Activity:
Copy exactly the lines of the material below that fall between the line with "Engine RENAULT SCÉNIC" and the line with "bunny-2.jpg", both of those lines included; pictures stay out.

Dataset entries:
_ _ _
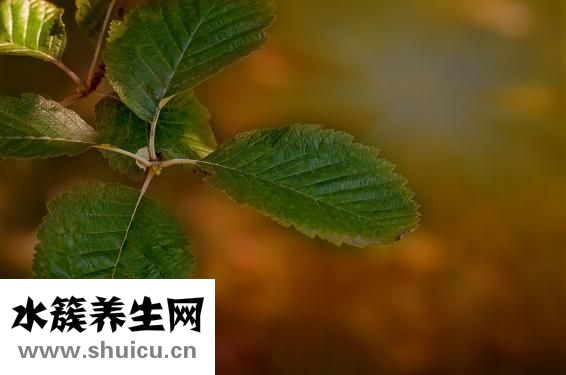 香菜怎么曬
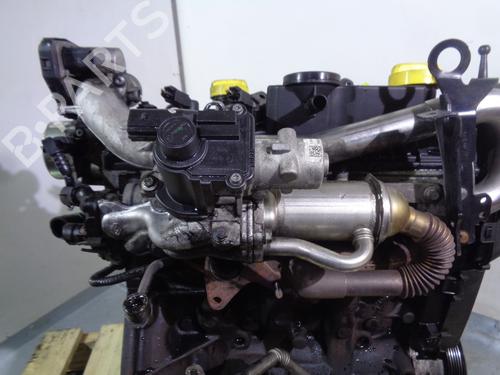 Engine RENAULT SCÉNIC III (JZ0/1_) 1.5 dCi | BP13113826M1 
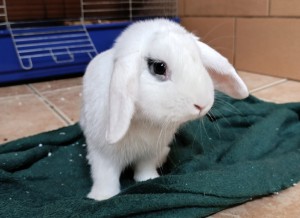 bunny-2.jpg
_ _ _
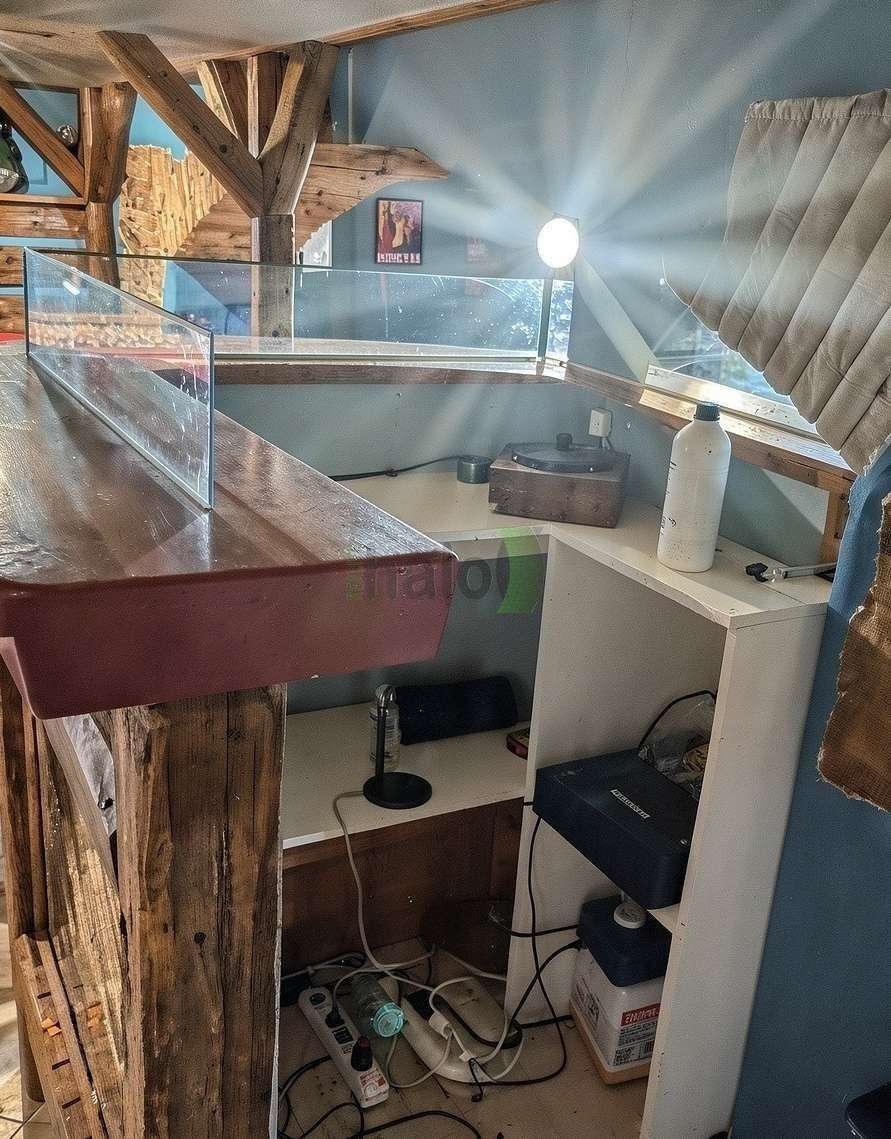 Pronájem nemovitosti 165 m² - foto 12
_ _ _
Result of this task:
 Engine RENAULT SCÉNIC III (JZ0/1_) 1.5 dCi | BP13113826M1 
 bunny-2.jpg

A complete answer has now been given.